[Saved data entries]

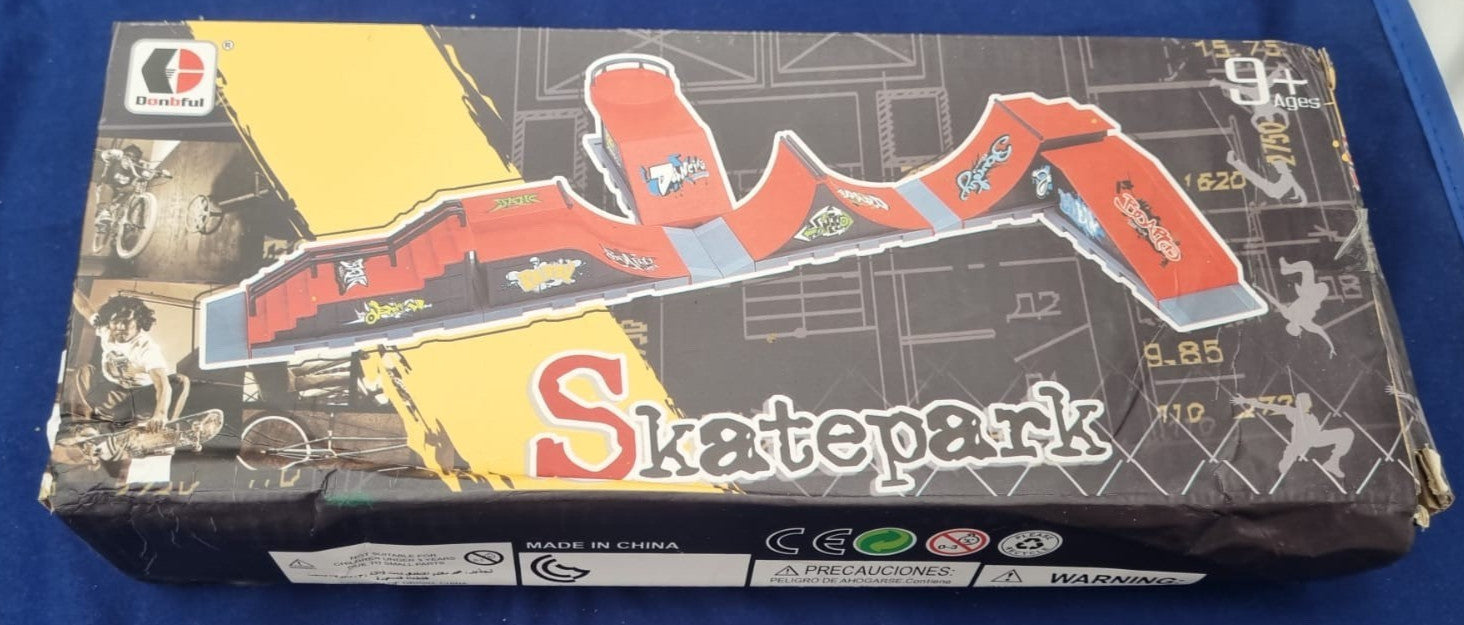 Mini Finger Skateboards Ramp Accessories Set, Fingerboard Skate (box damaged)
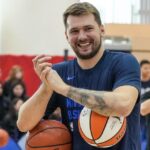 Luka Doncic com os Mavericks para os NBA Abu Dhabi Games de 2023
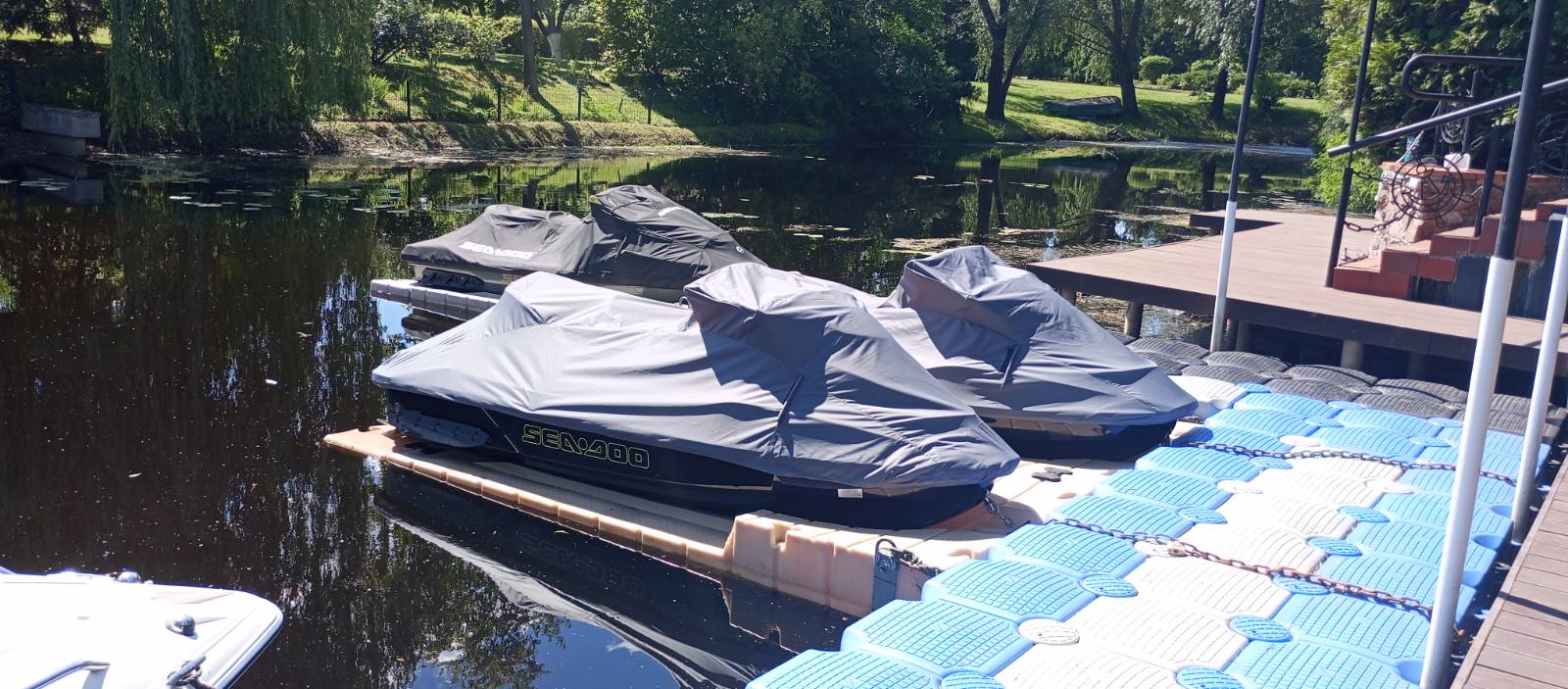 kıyı bölgelerinde jet ski için römork ve park örtüleri malaga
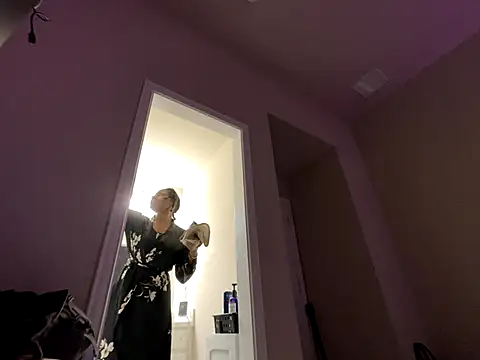 wynterheat online show from September 10, 2025, 5:40 am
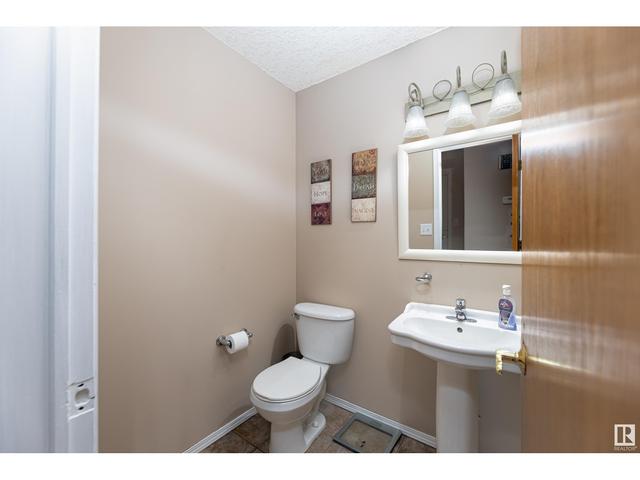 36 Second Av, House detached with 5 bedrooms, 2 bathrooms and 6 parking in Strathcona County AB | Card Image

WORK TO BE COMPLETED → Omit the pictures. Repeat the rest of the data exactly.

YOUR RESPONSE →
 Mini Finger Skateboards Ramp Accessories Set, Fingerboard Skate (box damaged)
 Luka Doncic com os Mavericks para os NBA Abu Dhabi Games de 2023
 kıyı bölgelerinde jet ski için römork ve park örtüleri malaga
 wynterheat online show from September 10, 2025, 5:40 am
 36 Second Av, House detached with 5 bedrooms, 2 bathrooms and 6 parking in Strathcona County AB | Card Image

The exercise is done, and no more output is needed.